▸ EXERCISE GOAL:
When you come to a picture, pass over it, and set down the entries below exactly.

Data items
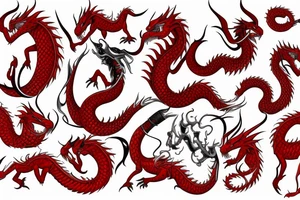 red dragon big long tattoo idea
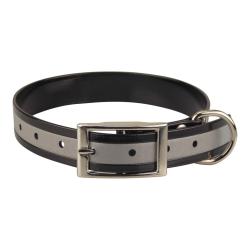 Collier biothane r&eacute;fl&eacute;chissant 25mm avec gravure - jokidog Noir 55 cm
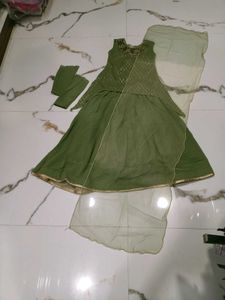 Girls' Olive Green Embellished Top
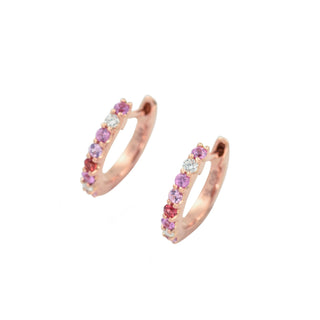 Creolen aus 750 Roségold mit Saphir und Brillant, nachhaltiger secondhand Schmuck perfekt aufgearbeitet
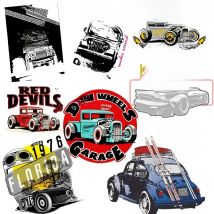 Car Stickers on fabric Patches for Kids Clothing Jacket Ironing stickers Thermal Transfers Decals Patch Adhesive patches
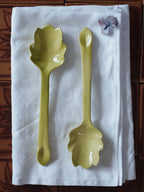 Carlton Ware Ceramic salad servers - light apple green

▸ RESULT OF THIS EXERCISE:
 red dragon big long tattoo idea
 Collier biothane r&eacute;fl&eacute;chissant 25mm avec gravure - jokidog Noir 55 cm
 Girls' Olive Green Embellished Top
 Creolen aus 750 Roségold mit Saphir und Brillant, nachhaltiger secondhand Schmuck perfekt aufgearbeitet
 Car Stickers on fabric Patches for Kids Clothing Jacket Ironing stickers Thermal Transfers Decals Patch Adhesive patches
 Carlton Ware Ceramic salad servers - light apple green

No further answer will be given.